How to Make Creamy Corn Chowder with Crispy Bacon

Ingredients You’ll Need:

  • 6 slices bacon
  • 4 cups fresh or frozen corn kernels
  • 2 medium russet potatoes, peeled and diced
  • 1 medium onion, finely chopped
  • 2 cloves garlic, minced
  • 3 cups chicken broth (or vegetable broth)
  • 1 cup heavy cream
  • 2 tablespoons all-purpose flour
  • 3 tablespoons butter
  • 1 teaspoon salt (adjust to taste)
  • ½ teaspoon black pepper
  • ½ teaspoon smoked paprika (optional)
  • 2 tablespoons fresh parsley, chopped (plus extra for garnish)

How Much Time Will You Need?

This recipe takes about 10 minutes for prep and 30 minutes to cook, so plan for around 40 minutes total. You’ll spend some time crisping bacon, sautéing veggies, simmering the chowder, and finishing with a creamy touch.

Step-by-Step Instructions:

1. Cook the Bacon:

In a large pot or Dutch oven, cook the bacon over medium heat until it’s crispy. Take the bacon out and place it on a paper towel to drain. Once cool, crumble it into bite-size pieces. Keep about one tablespoon of the bacon fat in the pot and throw away the rest.

2. Sauté Onion and Garlic:

Add butter to the bacon fat in the pot. When it melts, stir in the chopped onion. Cook until the onion is soft and clear, about 4-5 minutes. Then add the minced garlic and cook for another minute, until you can smell it.

3. Make the Base:

Sprinkle the flour over the onions and garlic and stir quickly to make a paste called a roux. Cook this for 2 minutes to get rid of the raw flour taste.

4. Add Broth, Potatoes, and Corn:

Slowly pour in the chicken broth while stirring to keep the mixture smooth. Stir in the diced potatoes and corn. Bring everything to a boil.

5. Simmer the Chowder:

Lower the heat to medium-low and let it simmer gently until the potatoes are tender, about 15-20 minutes.

6. Thicken the Chowder:

Partially mash the potatoes and corn using a potato masher or immersion blender. Leave some pieces whole so you get nice chunks in the chowder.

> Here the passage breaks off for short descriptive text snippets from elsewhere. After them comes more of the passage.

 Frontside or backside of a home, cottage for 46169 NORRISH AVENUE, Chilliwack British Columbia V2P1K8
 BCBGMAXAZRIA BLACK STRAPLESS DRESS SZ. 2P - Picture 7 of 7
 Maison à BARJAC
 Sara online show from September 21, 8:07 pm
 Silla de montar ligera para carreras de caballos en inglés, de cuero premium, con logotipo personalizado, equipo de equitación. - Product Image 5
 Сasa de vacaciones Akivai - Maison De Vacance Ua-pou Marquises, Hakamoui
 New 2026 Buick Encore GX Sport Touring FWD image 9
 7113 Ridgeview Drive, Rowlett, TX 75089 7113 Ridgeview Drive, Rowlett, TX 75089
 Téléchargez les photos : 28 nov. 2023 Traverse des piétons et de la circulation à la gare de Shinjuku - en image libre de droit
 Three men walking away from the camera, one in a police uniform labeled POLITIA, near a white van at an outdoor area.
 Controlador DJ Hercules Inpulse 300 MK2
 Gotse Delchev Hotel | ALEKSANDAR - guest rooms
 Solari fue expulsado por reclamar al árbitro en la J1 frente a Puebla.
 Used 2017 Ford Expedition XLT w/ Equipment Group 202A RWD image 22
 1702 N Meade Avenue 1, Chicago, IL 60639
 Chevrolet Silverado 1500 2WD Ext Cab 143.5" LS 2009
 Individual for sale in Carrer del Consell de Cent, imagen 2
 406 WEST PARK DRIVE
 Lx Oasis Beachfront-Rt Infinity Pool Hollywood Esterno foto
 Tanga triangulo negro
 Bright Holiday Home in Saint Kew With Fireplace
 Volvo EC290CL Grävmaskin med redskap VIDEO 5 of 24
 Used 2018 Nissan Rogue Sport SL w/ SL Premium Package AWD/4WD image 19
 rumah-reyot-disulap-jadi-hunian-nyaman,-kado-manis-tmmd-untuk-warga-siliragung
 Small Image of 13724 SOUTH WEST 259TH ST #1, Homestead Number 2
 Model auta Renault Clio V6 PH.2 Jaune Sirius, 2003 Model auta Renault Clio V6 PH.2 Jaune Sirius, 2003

7. Add Cream and Seasonings:

Stir in the heavy cream, salt, pepper, and smoked paprika if you’re using it. Let the chowder simmer for 5 more minutes so the flavors blend together.

8. Finish and Serve:

Mix in the chopped fresh parsley, saving some to sprinkle on top. Serve the chowder hot, topped with the crispy bacon pieces and extra parsley. For a perfect meal, enjoy with crusty bread or oyster crackers for dipping.

Can I Use Frozen Corn Instead of Fresh?

Yes! Frozen corn works wonderfully and is super convenient. Just thaw it before adding to the chowder or add it directly if you don’t mind a slightly longer cooking time.

How Can I Make This Chowder Vegetarian?

Simply swap the bacon for smoked paprika or liquid smoke to keep that smoky flavor. Use vegetable broth instead of chicken broth, and skip the bacon topping or use veggie bacon.

What’s the Best Way to Store Leftovers?

Store leftover chowder in an airtight container in the fridge for up to 3 days. Reheat gently on the stove over low heat, stirring occasionally. You may want to add a splash of cream or broth if it thickens too much.

Can I Make This Ahead of Time?

Absolutely! You can prepare the chowder up to a day in advance. Reheat slowly on the stove and add the crispy bacon just before serving to keep it crunchy.